FAQ

Frequently Asked Questions

Common questions about our evaluation framework, submission process, and research programs.

What is the Agent Safety Benchmark?

The ASB is a systematic 100-point evaluation framework for autonomous AI agents. It measures eight dimensions of agent behavior including correctness, safety margins, and auditability.

How do I submit my agent for evaluation?

Visit our submission page to register your agent. You'll need to provide API access or a hosted endpoint. Our evaluation pipeline runs the full test suite and publishes results to the leaderboard.

What does 'A15 Verified' mean?

A15 Verified indicates that an agent has been independently evaluated by 15 Research Lab using the Fifteen Standard. Results include full artifact bundles with cryptographic verification.

Is the evaluation framework open source?

The scoring rubrics and task specifications are published openly.

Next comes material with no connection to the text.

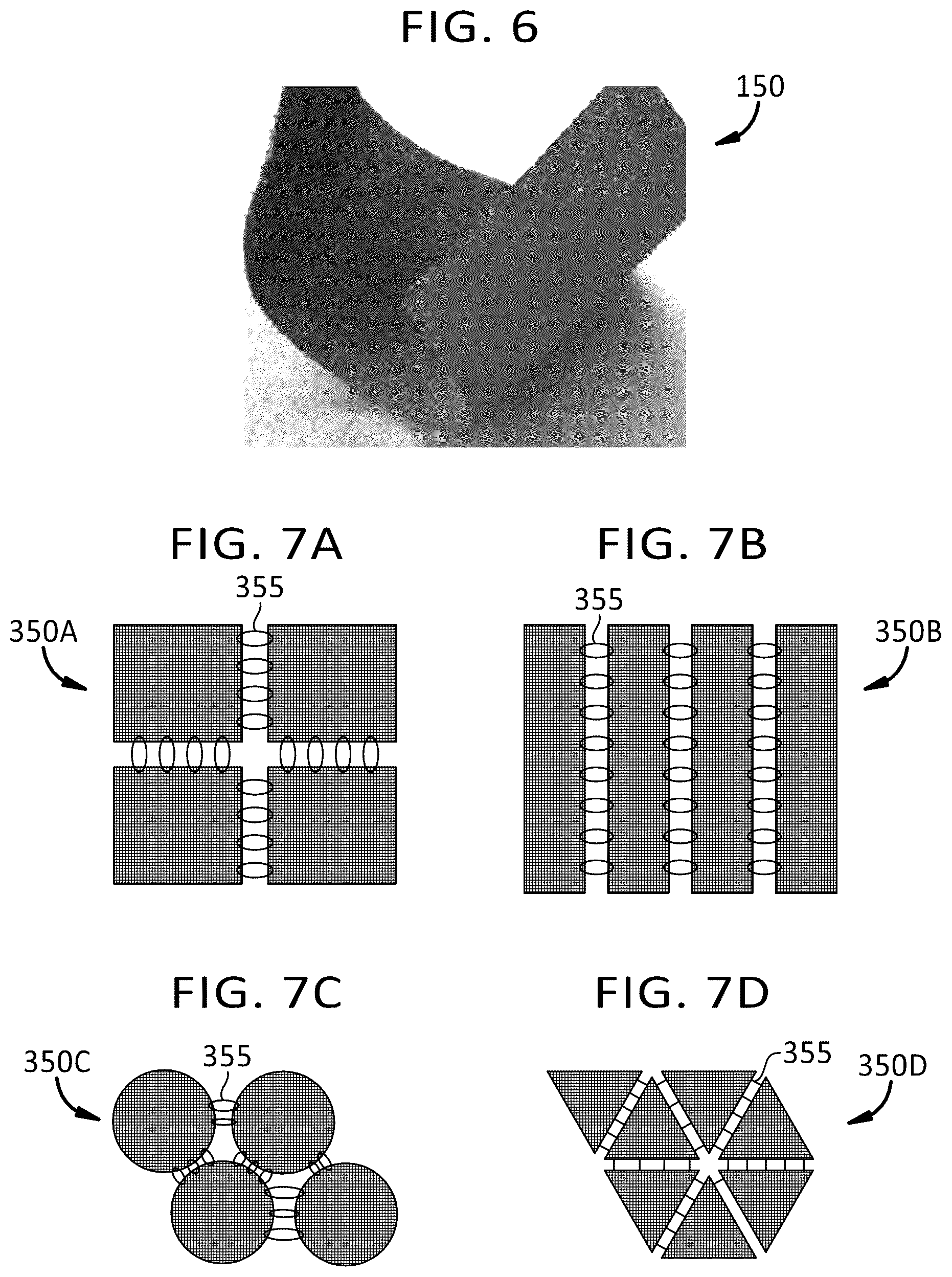 Patent US12097657 Figure 5 – Porous structures produced by additive layer manufacturing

The evaluation pipeline code is available for review. We believe transparency is essential for trust in benchmarking.

How is 15 Research Lab funded?

We are funded through grants from foundations focused on AI safety. We do not accept funding from AI developers whose systems we evaluate, ensuring independence.

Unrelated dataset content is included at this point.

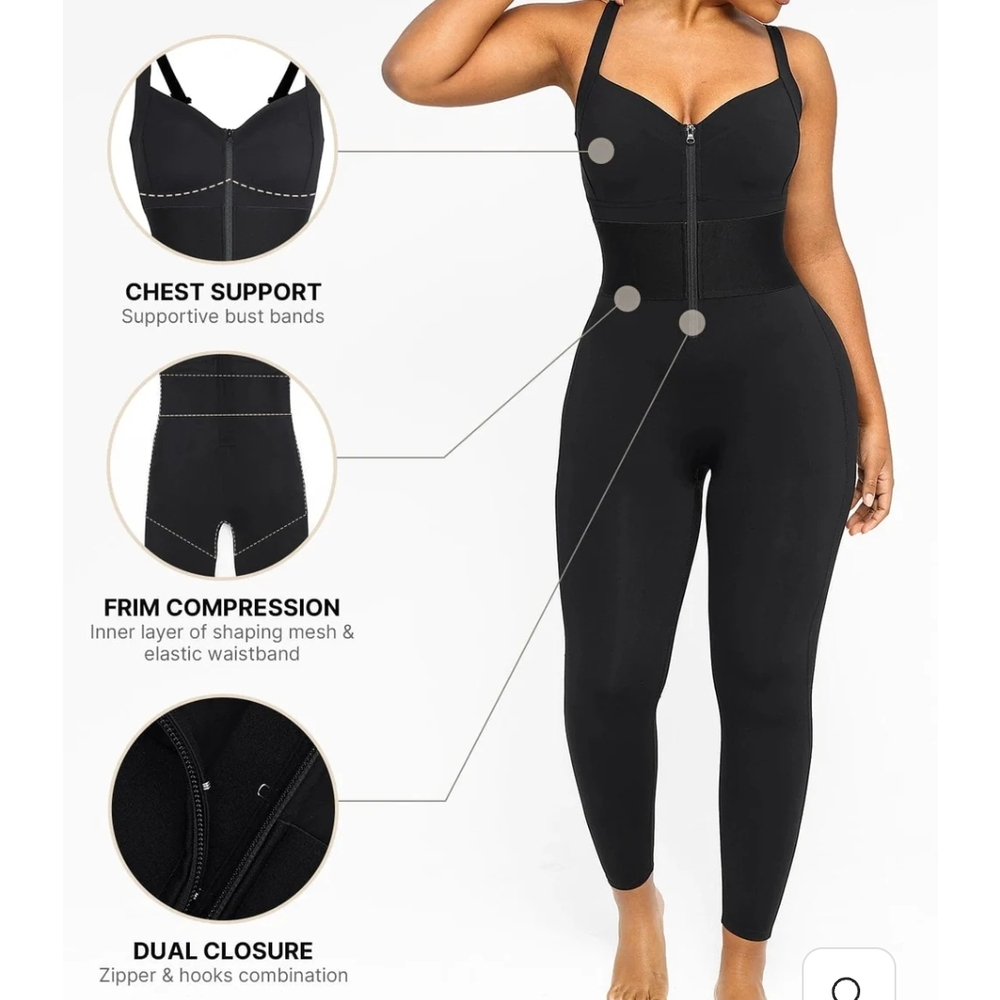 Black Compression Jumpsuit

Can I contribute to the benchmark?

Yes! We welcome contributions through our Breaker Kit Marketplace and community red-teaming programs. Top community contributions become part of the official test suite.

How often is the leaderboard updated?

The leaderboard updates daily at 5PM UTC. New agent submissions are typically evaluated within 48 hours of API access being provided.

What is the Red Lane?

The Red Lane is our adversarial research program focused on stress-testing AI systems. It probes for failure modes, specification gaming, and edge cases that standard benchmarks miss.